The naive version leaves a tell. Where a white sticker border meets magenta, the pixels between them blend to pink, and a hard on-or-off cut keeps that pink as a halo ringing the whole sticker.

Left, the hard cut and its pink halo. Right, the same edge after the fix.
The fix is the math film compositors have used on green screens for decades. Instead of a hard yes or no, you make each edge pixel partly transparent based on how magenta it is, then rebuild its true colour by subtracting the magenta you know you added. The halo turns back into a clean white edge. It's about twenty lines of code, and it's the difference between a sticker that looks shipped and one that looks vibe-coded.
Where it ends up
It earns its place across everything visual I ship: watercolour location marks for journeys.im, die-cut stickers and app-icon explorations, hero images for glp3.wiki. The image at the top of this article was generated by the skill it describes — billed to my plan, zero dollars.

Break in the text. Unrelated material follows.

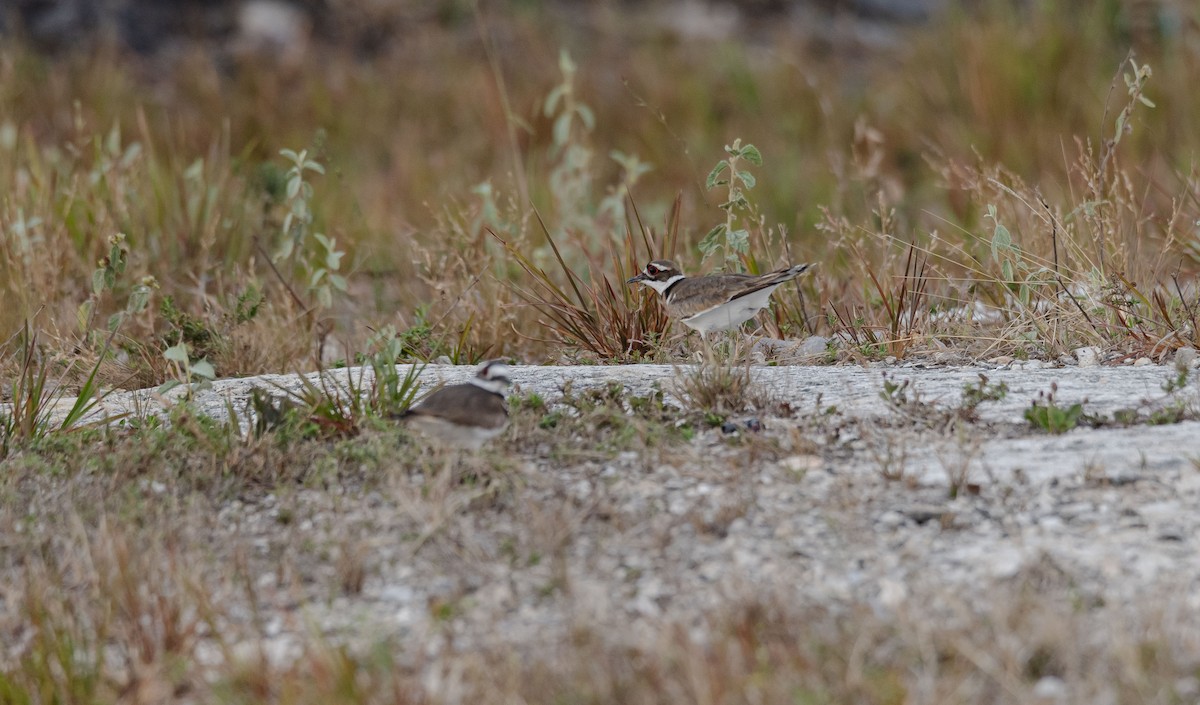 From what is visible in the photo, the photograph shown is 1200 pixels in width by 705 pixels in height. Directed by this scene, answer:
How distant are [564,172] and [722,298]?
10.5ft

And because it's a Claude Code skill, my agents reach for it the same way I do. When one is building a screen and needs a placeholder icon, it asks the skill, which routes through my subscription and hands back a PNG without me in the loop.
None of this is a new model or a clever prompt. It's noticing I was paying twice for one thing, then spending a few hours closing the gap — most of it on edges, not billing. That's the shape of most of my wins lately. The leverage isn't the AI. It's spotting the seam, and doing the unglamorous part well enough that the result looks like nobody had to think about it.
Frequently asked
Is this against OpenAI's terms?
It's personal use of my own subscription's path — not account-sharing, reselling, or pooling. The honest caveat: the endpoint is undocumented, so OpenAI could change or close it at any time. I wouldn't build a product on it. I use it for my own asset generation.
Does it actually cost nothing?
Nothing against the OpenAI API balance. It spends ChatGPT plan quota instead, and image turns burn that quota roughly three to five times faster than text. For a one-off icon that's free in practice; for a bulk run I pass --api and pay the cents rather than burn down the plan's monthly allowance.
Can GPT Image 2 output a transparent background?
No, not natively — on either the API or the plan path. Both return "transparent background is not supported for this model." The skill paints a pure-magenta background instead, then keys it out with a soft-matte and despill pass so the edges come out clean.
Can I use it from Claude Code?
Yes. It ships as a skill in my claude-skills plugin. When an agent needs an image it reaches for the skill, which defaults to the ChatGPT-plan path when I'm signed in and the API key when I'm not.